Unfortunately, it doesn't seem to be working yet. The banks from which the assets are being bought are just depositing the cash back into the Fed Reserve, which does serve to deleverage them from bad assets, but doesn't help the economy. The credit impasse seems to be sticking, because the banks aren't lending the money back out. Meanwhile, Treasuries are being sold like hot cakes, with the 3-month bill return being almost zero. Bad things that could happen include: the treasury market crashing and the dollar crashing, deflation, and more companies failing as a result of credit problems, which would only increase the amount of assets that the Fed would still need to take out of the market to keep it where it is.

But the main issue, as I see it, is that this shows that the Fed is not pushing for nationalization, as I had argued a couple of times previously. Or, at least they say that their not, because to say so could cause a HUGE panic among investors, who fear the phrase as much as they love "open market".

But, the fact that the quantitative easing is not working only pushes the case for nationalization, and not just from my teleological standpoint. Firstly, and most obviously: if the banks aren't doing what they need to be doing on their own, somebody (or some legislation) will eventually have to force them to do so. Secondly: if there is a currency crash, the country will have to take such drastic steps not only to prevent our economy from going down the tubes, but from all the dollar-backed currencies from going down the tubes. This is a lot more pressure than just the irrational red-baiting fears of "investors". Economists, eventually, always look at the facts. Thirdly: if Treasuries stop selling, something else must prop up the dollar. Now, I admit I'm not an economist, so I don't have a reference list of other options that aren't nationalization (my teleology laid bare). However, if the "open-market" policies of the Fed aren't having an effect, like for example, if treasuries aren't being bought and the value of the dollar is decreasing, controlling the supply of the bills on the open market could be used to control the price: like a repo to oneself. This would be more efficient than the open-market buying of assets, or of other repos. It could be carefully modeled and controlled.
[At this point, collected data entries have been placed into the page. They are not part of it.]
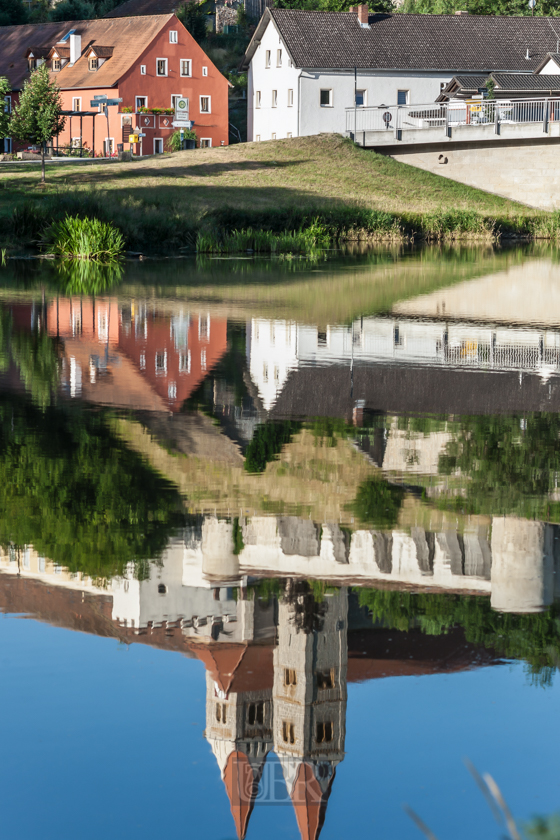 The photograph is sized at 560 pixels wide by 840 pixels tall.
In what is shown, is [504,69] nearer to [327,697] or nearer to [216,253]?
[216,253]

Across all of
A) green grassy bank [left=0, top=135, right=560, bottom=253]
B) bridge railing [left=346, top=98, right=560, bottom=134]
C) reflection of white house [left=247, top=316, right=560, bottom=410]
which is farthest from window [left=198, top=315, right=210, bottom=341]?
bridge railing [left=346, top=98, right=560, bottom=134]

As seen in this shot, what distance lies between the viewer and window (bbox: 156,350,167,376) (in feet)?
48.1

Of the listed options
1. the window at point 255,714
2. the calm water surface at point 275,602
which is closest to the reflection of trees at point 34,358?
the calm water surface at point 275,602

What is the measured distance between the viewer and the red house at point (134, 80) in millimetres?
82500

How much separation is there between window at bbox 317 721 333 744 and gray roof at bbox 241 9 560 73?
7904cm

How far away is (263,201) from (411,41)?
39.5 metres

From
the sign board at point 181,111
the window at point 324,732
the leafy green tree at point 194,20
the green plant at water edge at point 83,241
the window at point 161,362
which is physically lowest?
the window at point 324,732

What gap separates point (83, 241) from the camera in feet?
119

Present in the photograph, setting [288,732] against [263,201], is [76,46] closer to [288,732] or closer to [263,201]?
[263,201]

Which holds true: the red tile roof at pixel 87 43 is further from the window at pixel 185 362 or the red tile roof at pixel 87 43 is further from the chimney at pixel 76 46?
the window at pixel 185 362

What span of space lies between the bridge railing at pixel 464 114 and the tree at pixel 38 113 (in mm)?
22318

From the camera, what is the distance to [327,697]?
15.5ft

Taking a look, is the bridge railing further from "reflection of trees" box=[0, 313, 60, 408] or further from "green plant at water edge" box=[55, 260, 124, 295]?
"reflection of trees" box=[0, 313, 60, 408]

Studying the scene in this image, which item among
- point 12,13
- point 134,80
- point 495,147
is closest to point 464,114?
point 495,147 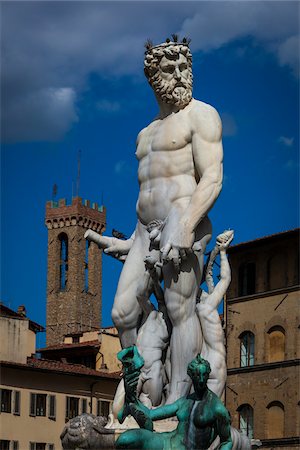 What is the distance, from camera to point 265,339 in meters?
77.7

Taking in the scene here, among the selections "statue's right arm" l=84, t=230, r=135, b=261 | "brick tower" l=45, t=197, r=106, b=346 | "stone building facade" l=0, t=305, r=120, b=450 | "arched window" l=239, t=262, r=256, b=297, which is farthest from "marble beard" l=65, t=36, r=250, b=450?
"brick tower" l=45, t=197, r=106, b=346

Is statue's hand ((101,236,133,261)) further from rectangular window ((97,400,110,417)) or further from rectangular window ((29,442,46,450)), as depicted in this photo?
rectangular window ((97,400,110,417))

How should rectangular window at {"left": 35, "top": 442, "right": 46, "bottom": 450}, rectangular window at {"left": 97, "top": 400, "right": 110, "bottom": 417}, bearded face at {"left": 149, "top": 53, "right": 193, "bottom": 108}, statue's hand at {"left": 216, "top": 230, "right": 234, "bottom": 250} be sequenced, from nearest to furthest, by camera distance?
bearded face at {"left": 149, "top": 53, "right": 193, "bottom": 108}
statue's hand at {"left": 216, "top": 230, "right": 234, "bottom": 250}
rectangular window at {"left": 35, "top": 442, "right": 46, "bottom": 450}
rectangular window at {"left": 97, "top": 400, "right": 110, "bottom": 417}

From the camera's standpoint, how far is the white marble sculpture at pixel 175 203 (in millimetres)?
17125

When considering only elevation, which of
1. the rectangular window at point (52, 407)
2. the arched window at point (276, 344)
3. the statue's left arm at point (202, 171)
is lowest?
the statue's left arm at point (202, 171)

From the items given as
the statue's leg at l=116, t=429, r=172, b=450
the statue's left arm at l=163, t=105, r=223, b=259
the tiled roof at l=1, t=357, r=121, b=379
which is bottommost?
the statue's leg at l=116, t=429, r=172, b=450

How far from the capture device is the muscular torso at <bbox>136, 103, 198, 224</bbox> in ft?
57.5

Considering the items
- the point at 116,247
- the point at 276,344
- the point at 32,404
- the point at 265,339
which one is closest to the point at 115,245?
the point at 116,247

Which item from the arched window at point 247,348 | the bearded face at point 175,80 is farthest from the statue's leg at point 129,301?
the arched window at point 247,348

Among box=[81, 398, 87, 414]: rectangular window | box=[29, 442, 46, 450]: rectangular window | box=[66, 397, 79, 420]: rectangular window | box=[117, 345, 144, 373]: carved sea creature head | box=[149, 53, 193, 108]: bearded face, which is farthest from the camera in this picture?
box=[81, 398, 87, 414]: rectangular window

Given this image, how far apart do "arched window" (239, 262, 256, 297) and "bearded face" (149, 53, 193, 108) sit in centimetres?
6200

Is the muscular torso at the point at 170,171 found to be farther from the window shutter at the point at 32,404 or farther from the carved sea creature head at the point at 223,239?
the window shutter at the point at 32,404

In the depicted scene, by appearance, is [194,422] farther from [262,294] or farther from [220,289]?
[262,294]

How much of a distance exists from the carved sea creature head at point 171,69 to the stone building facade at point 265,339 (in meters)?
57.8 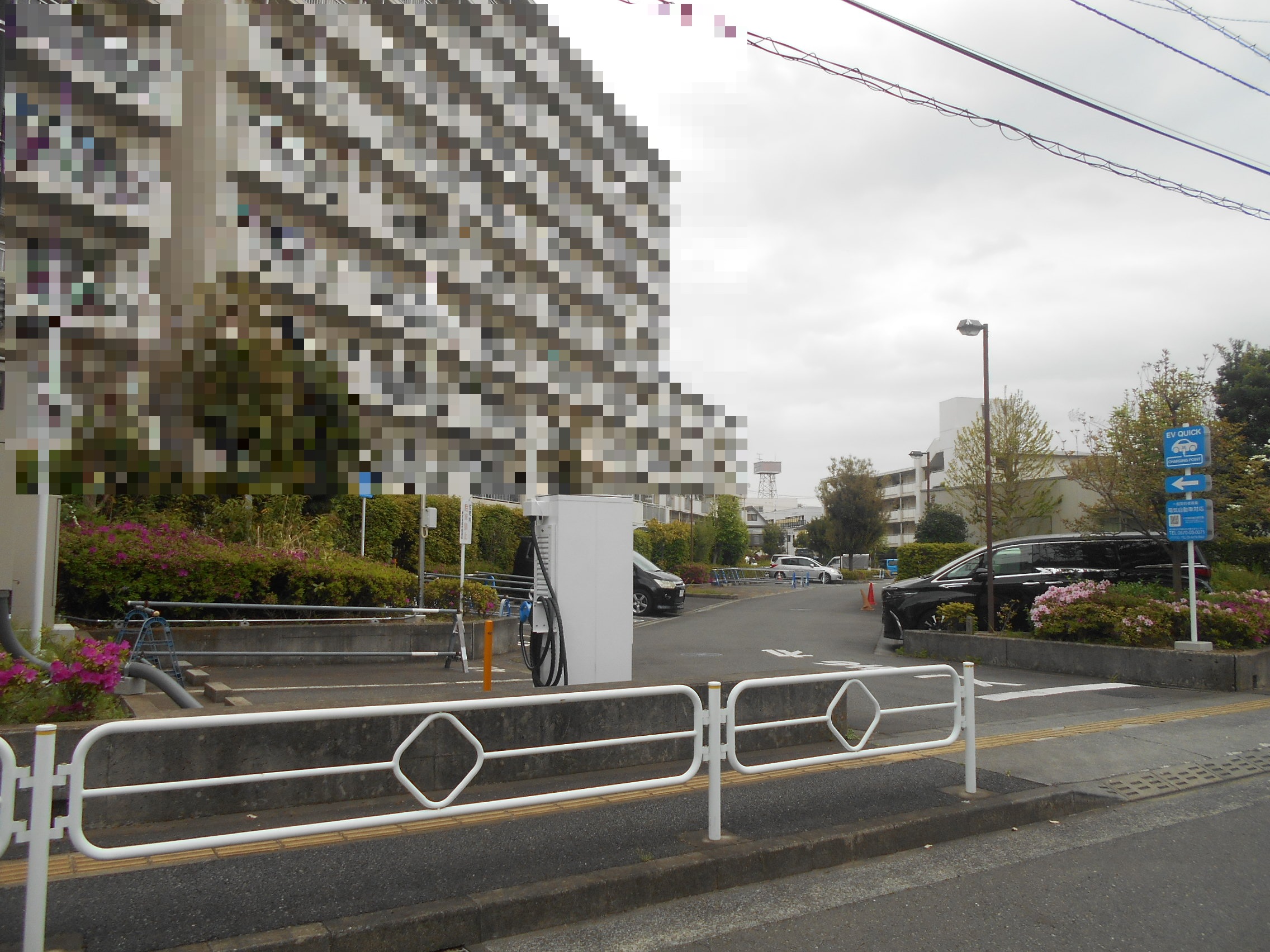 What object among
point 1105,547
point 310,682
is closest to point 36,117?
point 310,682

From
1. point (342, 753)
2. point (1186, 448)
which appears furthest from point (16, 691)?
point (1186, 448)

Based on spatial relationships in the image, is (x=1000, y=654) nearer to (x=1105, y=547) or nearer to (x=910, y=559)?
(x=1105, y=547)

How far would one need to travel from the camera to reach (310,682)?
9711mm

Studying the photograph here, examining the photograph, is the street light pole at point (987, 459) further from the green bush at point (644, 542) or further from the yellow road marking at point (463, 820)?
the green bush at point (644, 542)

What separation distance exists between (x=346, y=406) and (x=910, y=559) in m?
17.6

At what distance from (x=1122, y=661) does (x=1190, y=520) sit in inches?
83.6

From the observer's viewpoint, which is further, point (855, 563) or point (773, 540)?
point (773, 540)

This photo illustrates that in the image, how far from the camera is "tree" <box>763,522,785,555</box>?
9306 cm

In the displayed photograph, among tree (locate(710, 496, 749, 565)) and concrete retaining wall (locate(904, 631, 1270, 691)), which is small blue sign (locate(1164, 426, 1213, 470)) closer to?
concrete retaining wall (locate(904, 631, 1270, 691))

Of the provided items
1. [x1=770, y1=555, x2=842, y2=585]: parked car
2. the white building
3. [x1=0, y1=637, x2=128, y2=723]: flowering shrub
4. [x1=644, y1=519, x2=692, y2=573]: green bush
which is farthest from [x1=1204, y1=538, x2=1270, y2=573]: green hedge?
[x1=770, y1=555, x2=842, y2=585]: parked car

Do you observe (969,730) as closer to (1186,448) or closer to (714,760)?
(714,760)

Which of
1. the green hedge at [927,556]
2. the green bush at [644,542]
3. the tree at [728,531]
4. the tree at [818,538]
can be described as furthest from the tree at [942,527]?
the tree at [818,538]

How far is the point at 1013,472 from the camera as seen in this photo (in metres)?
31.1

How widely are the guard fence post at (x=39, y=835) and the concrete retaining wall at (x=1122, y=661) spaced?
8753 millimetres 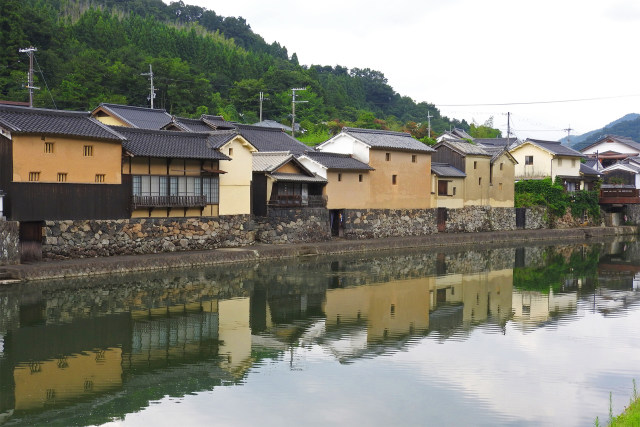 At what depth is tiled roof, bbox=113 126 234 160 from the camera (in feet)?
86.0

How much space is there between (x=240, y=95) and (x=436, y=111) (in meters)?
59.1

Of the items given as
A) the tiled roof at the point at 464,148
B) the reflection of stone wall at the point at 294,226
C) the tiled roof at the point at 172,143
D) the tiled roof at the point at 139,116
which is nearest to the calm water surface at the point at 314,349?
the tiled roof at the point at 172,143

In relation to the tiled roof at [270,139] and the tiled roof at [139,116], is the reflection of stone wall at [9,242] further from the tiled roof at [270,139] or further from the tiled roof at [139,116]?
the tiled roof at [270,139]

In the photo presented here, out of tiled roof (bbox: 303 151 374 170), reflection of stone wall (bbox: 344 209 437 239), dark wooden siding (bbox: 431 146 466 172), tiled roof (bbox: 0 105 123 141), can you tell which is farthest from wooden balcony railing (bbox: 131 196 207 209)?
dark wooden siding (bbox: 431 146 466 172)

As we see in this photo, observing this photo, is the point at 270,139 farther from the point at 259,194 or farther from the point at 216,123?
the point at 259,194

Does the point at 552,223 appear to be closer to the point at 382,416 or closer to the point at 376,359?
the point at 376,359

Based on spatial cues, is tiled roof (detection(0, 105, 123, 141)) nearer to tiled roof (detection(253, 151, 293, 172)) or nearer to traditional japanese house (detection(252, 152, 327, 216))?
tiled roof (detection(253, 151, 293, 172))

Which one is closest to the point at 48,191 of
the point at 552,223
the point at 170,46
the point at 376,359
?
the point at 376,359

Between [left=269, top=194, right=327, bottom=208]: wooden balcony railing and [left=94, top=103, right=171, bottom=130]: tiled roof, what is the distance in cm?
775

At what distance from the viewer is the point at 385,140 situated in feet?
127

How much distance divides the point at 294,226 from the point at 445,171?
525 inches

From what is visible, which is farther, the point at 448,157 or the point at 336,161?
the point at 448,157

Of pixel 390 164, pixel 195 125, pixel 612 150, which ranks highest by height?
pixel 612 150

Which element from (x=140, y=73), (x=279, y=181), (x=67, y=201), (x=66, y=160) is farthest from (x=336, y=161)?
(x=140, y=73)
And fourthly, aside from monetary policy: there is the matter of industry. This is the important one, because nationalizing the banks is all well and good, but if the industry is not coordinated as well, you might as well not even bother. The key to national control of infrastructure and economy, in my opinion, is coordination, direction, and execution. These are the benefits that a nationalized economy could have (stress the "could") that a free-market economy will never have.

Which brings us to that trying threesome, the American auto industry. They were sent back to Detroit in shame yesterday, because they could not convince Congress that they had a good plan. This is good, because it means that they will not just be handed cash, and also because it means the next time they will get the help they need. I hope it comes in the form of partial nationalization. I think that Congress realizes that they cannot convert themselves into profitable industries, let alone "automakers for the next century" without a drastic plan that will cost a lot of money to begin with. Operating cash is going down the drain. They need investment, and with investment comes direction, coordination, and execution (hopefully). And because the UAW will necessarily be included in any saving legislation, this could be a good beginning for nationalizing movements in American industry in concert with workers groups, and not just industrial leaders.

At least, I hope so. Or, the Fed and Congress could just keep pushing cash into the economy, hoping for a break in the liquidity trap, which may happen after long enough. Or it could all go down the tubes, and then, of course, the zombies.

The zombies do have a plan for the economy. Not nationalization, but cannibalization! (In America, first you get the assets, then you get rotting, then you get the flesh!)